Synthetic vs. Real-world data for traffic light classification
The Issue of Traffic Light Classification
Having a robust traffic light (TL) classifier is essential in any autonomous driving / ADAS system. Even though it may seem like a simple AI problem, the TL classifier requires very good performance. To obtain this it calls for a high-quality dataset both in size and composition. Training images should reflect the variability in shape, illumination and weather conditions of traffic lights on any road on the planet.
Most popular datasets for TL detection and classification use real-world images: Bosch, DTLD, LARA, and LISA. Although these widely differ in quantity and quality, all of them present some undesirable characteristics. Some examples include wrong labels, inaccurate bounding boxes, overrepresented annotations due to motionless scenes, and unbalanced classes, among others. It would be very expensive and time-consuming to overcome such a disadvantage by gathering more real-world data. Therefore, the synthetic solution seems like a more and more attractive approach.
ANYVERSE for TL
It has already been proven in another study that ANYVERSE’s physics-based render quality provides fidelity to the real world with respect to other synthetic data generation procedures. But how does ANYVERSE perform in comparison with real-world data? In this blogpost, we conduct a study using the four real-world datasets mentioned before together with a new synthetic one generated with ANYVERSE for TL classification.
The Training Subjects
Assuming we have the location of a traffic light, we train a classifier to infer its state: green, red, or yellow. As an input, we use 96×96 image crops. These contain traffic lights, only with three round bulbs and vertical housing, during the daytime. See below some samples from each dataset:
The next figure shows the size and class distribution of each dataset in terms of red, green and yellow lights. All real-world datasets, except for LISA, include 7K-15K annotated traffic lights, and the yellow class in all of them is unbalanced. LARA and LISA contain a large number of overrepresented traffic lights, i.e. very similar crops due to the lack of motion of the recording camera.
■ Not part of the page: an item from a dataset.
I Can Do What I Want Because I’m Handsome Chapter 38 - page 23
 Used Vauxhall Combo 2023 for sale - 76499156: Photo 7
In terms of variety of annotations, LISA is the most uneven dataset because the yellow lights are extremely underrepresented, while DTLD is much more uniform.
As for ANYVERSE, it has been generated independently from the real-world datasets. Since we can control all data generation parameters, we obtained a balanced dataset with a high variation in appearance.
In order to compare ANYVERSE with all four real-world datasets, we perform an all-vs-all experiment. We train five ResNet-8 classifiers, one per dataset, and then evaluate them on the testing sets of all datasets. When no training-testing division is provided, we use an 80:20 split. As a result, we get 25 experiments. The results from these in terms of average precision (F1 score yields similar results) are available in the following table. These values measure the capability of a dataset to perform well on other distributions and, thus, generalize to real unexpected situations.
As you can see, the numbers on the diagonal are all very close to 1.0. This is due to the fact that each dataset performs very well in its own testing set. However, the off-diagonal numbers are more diverse. Some of them, for example, when training with ANYVERSE and testing on LISA, are close to 98% accuracy. Yet other combinations show very poor results. This is the case, for instance, when training on LISA and testing on BOSCH. This is due to two facts:
- LISA is very unbalanced because it has few yellow lights for training (<100). The classifier is not able to correctly learn the difference between red an yellow from LISA. In fact, it thinks that 90% of the BOSCH red lights are yellow.
- BOSCH and LISA present different levels of global illumination (average channel values). On average, LISA crops are more than 20 units larger than those in Bosch. This indicates that the BOSCH ones were created under darker conditions:
In the next figure, we show a simplified version of the previous table. We plot the average precision of each dataset on the testing set of the remaining four sets. Error bars indicate the standard deviation. We notice that ANYVERSE and DTLD outperform the others. This is indeed very evident for the high-fidelity synthetic approach since it performs as well as the best real-world dataset and noticeably better than the rest.
In a nutshell, this experiment indicates that the performance obtained with high-fidelity synthetic data is comparable to the one obtained with real-world data when classifying traffic lights. In addition, the advantages of ANYVERSE for generating new data over capturing it in the real world would allow us to easily and quickly extend the ANYVERSE dataset to improve some of the results. This is a task that would be very expensive and time-consuming using real-world data only.
The capability of ANYVERSE to produce reliable synthetic data in a time efficient manner proves to be essential for accelerating the path of advanced perception models.